Tornavo a casa con Audrey, reduce dall’ultima pipì della giornata, ed ero già davanti al portone, quando improvvisamente lo vidi. Si era materializzato quasi dal nulla a due metri da me. Era appoggiato con una mano alla vetrina della Conad, il capo chino, stanco e stremato. Alto ma un po’ ingobbito, una felpa dall’aria vissuta, scarpe sportive e un berrettaccio di lana in testa, lo sguardo ancora fiero ma nel contempo smarrito.
AUDREY ABBAIA
Audrey aveva cominciato ad abbaiargli contro (lo fa sempre perché è un cane gioioso, ama le persone, con le quali vuole interloquire e questo è il suo modo per reclamare il contatto). “Ha bisogno di aiuto?” – gli chiesi. Mi rispose senza indugio: “Si… Devo tornare là dov’ero ma non so… Può ospitarmi stasera? Gliene verrà soltanto bene…”.

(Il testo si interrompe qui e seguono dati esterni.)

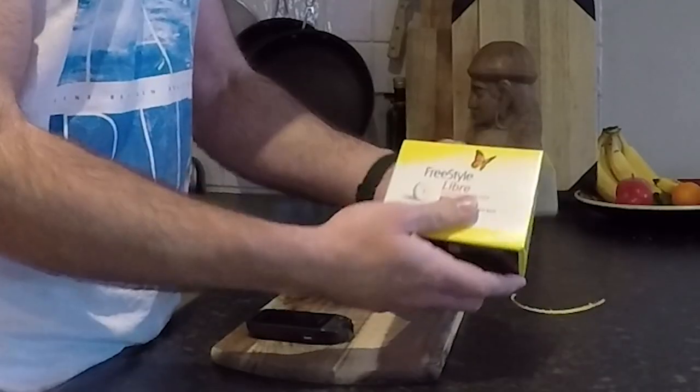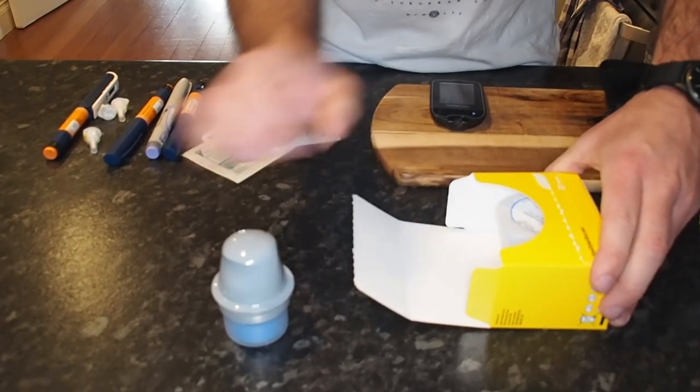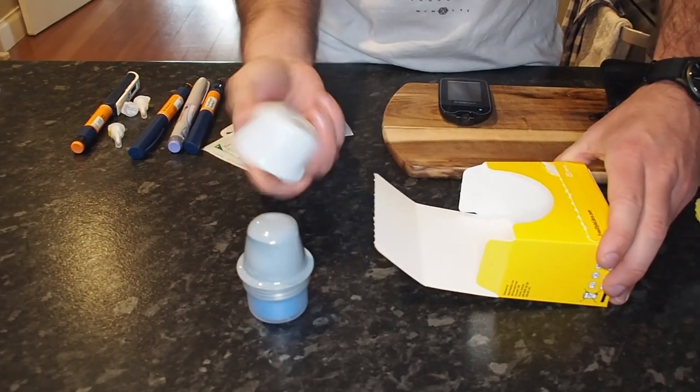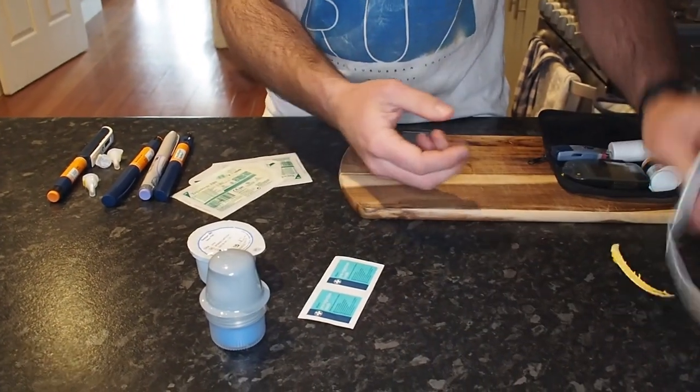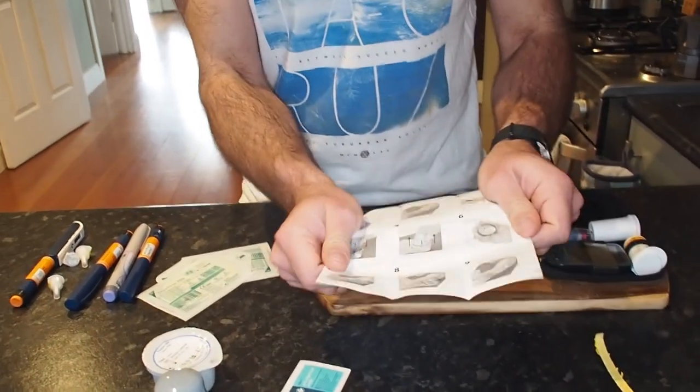Alright, let's get into it. This is the Freestyle sensor — the unboxing. Alcohol swabs, packaging, and we have the instructions. So this is where I have to put it on the back of my arm. Alcohol swab, open up.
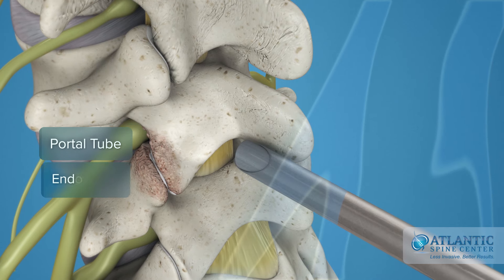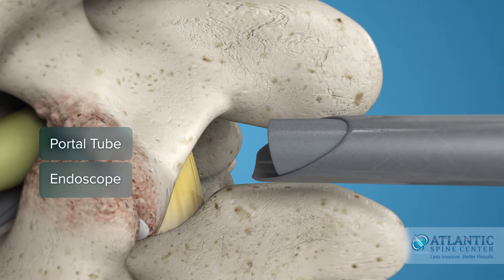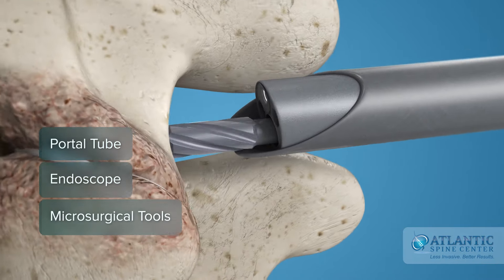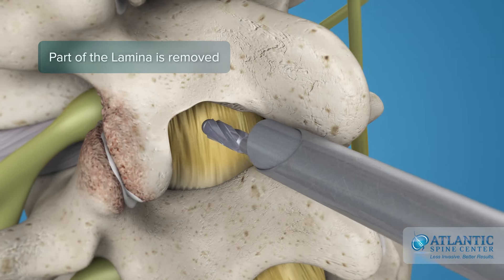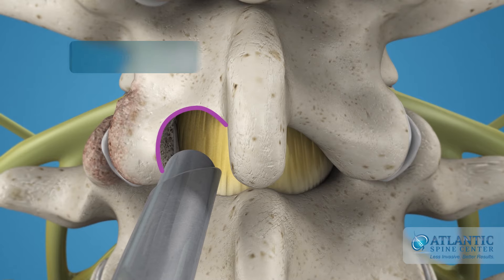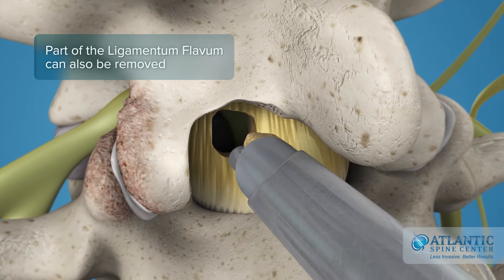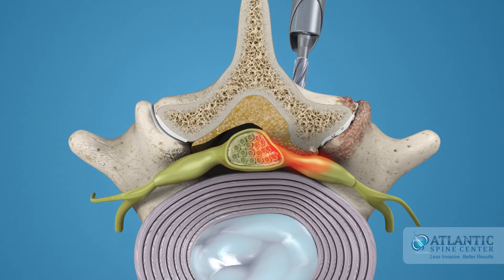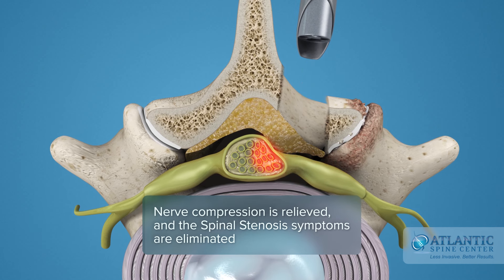The endoscope is placed through the tube and the lower end of the laminae are identified. With this close-up operative view, your surgeon can then microsurgically remove the small area of the lamina bone. This process is called a laminotomy. Then the part of abnormal thickened ligamentum flavum can also be removed. All this frees space for the nerve and spinal cord and relieves compression, thereby eliminating the symptoms of stenosis.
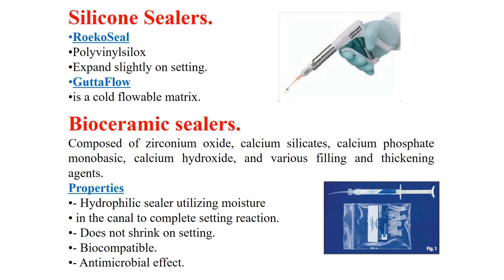Silicone sealers — for example, Ricoseal and GuttaFlow. GuttaFlow is a polyvinyl siloxane and it expands slightly on setting. This is very important because there is no shrinkage during setting — instead we get expansion — and therefore no gaps are formed.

ERA UN PROFESSORE D’INGLESE
Capii che dovevo fare qualcosa. Citofonai allora a mia figlia dicendogli che stavo mandandole su Audrey con l’ascensore e restai con lui. Provai a capire. Qualcosa ricordava: si chiamava Enzo R. , era un professore d’inglese, viveva in una grande villa a Casteldaccia, ma non ricordava come e perché era arrivato in Via Ammiraglio Rizzo.
CHIAMO LA POLIZIA
Era in evidente difficoltà, non potevo lasciarlo per strada. Decisi di chiamare il 113 spiegando il caso. Mi chiesero di rimanere lì con lui in attesa della Volante. Gli agenti arrivarono dopo una quindicina di minuti. Cominciarono anche loro ad interrogarlo chiedendogli nel frattempo se avesse nella tracolla qualcosa tipo un telefonino o un documento.
IN FUGA DALL’OSPEDALE
Niente telefonino né documenti. Si accorsero però (con l’occhio esperto e allenato che a me manca) di due particolari decisivi: aveva al polso destro un braccialetto in plastica con le sue generalità e al polso sinistro addirittura un catetere ancora attaccato: fu chiaro allora che Enzo R., classe 1940, senza parenti e per questo affidato ad un assistente sociale, era scappato da un ospedale o da una casa protetta.
L’INVITO A CENA
La Centrale confermò. Non una volta ma due volte Enzo era riuscito ad evadere da un ospedale: la prima volta dal Buccheri La Ferla, la seconda da Villa Sofia. Erano già le 21,30. “Può invitarmi a cena? Io mangio pochissimo” – mi chiese guardandomi con quei suoi occhi acquosi e febbricitanti. Gli risposi che era già tutto organizzato, che avrebbe mangiato e poi dormito al caldo e al riparo. Mi parve rassicurato.
BUONA SERA, PROFESSORE
Gli agenti chiamarono a qual punto il 118 che arrivò una mezz’oretta dopo. Gli operatori lo salutarono divertiti: “Buona sera professore!” Lui parve sorpreso: “Ci conosciamo?”. Lo conoscevano, perché era già la terza volta che lo recuperavano e lo portavano in ospedale… Gli agenti seguirono l’ambulanza. Ci salutammo e ringraziammo a vicenda.
QUANTI UOMINI RANDAGI
Salii a casa, dove Simona e Audrey mi aspettavano. Ero sollevato ma anche un po’ turbato: cosa sarebbe successo se quell’uomo in fuga da Villa Sofia avesse deciso di attraversare la Favorita? Se si fosse sentito male chi si sarebbe accorto di lui? Chi si sarebbe fermato notando un vecchio malmesso in un viale della Favorita? Quanti uomini che la vita e il destino hanno reso sperduti e randagi ci sono?